» **Task inputs**
-- Opening Marker --

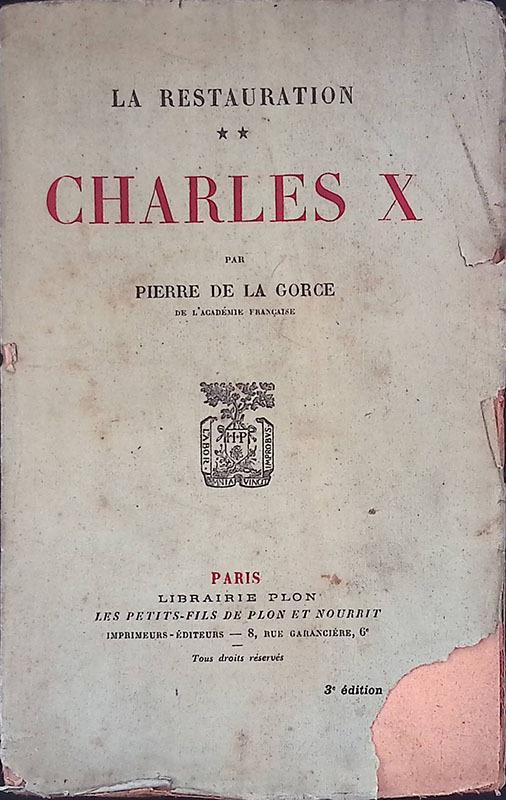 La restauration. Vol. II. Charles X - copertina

-- Closing Marker --
-- Opening Marker --

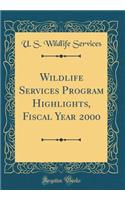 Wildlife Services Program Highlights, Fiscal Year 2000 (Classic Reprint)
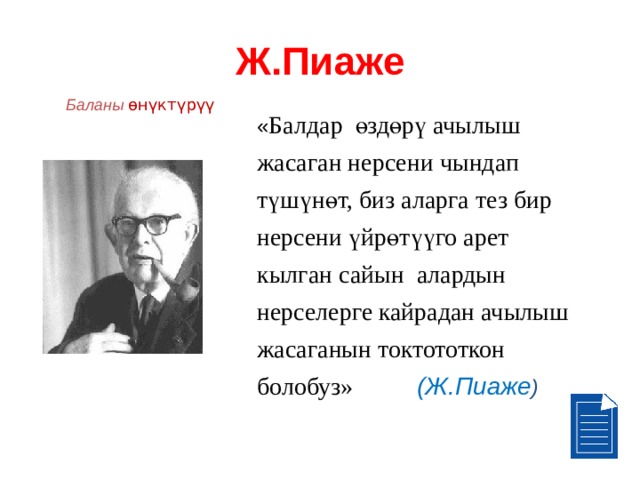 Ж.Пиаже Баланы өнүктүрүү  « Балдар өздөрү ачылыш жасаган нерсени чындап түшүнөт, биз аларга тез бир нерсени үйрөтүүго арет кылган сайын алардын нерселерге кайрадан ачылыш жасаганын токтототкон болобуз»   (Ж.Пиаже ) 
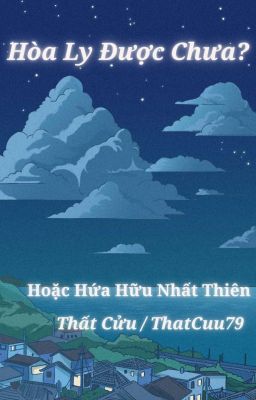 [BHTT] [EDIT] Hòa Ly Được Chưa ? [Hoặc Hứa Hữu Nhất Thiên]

-- Closing Marker --

» **Exercise instructions**
Beginning with the line above that has "Ж.Пиаже Баланы өнүктүрүү" and going on through the line that has "[BHTT] [EDIT] Hòa", retype every line exactly and add nothing else; drop the pictures.

» **Reply**
 Ж.Пиаже Баланы өнүктүрүү  « Балдар өздөрү ачылыш жасаган нерсени чындап түшүнөт, биз аларга тез бир нерсени үйрөтүүго арет кылган сайын алардын нерселерге кайрадан ачылыш жасаганын токтототкон болобуз»   (Ж.Пиаже ) 
 [BHTT] [EDIT] Hòa Ly Được Chưa ? [Hoặc Hứa Hữu Nhất Thiên]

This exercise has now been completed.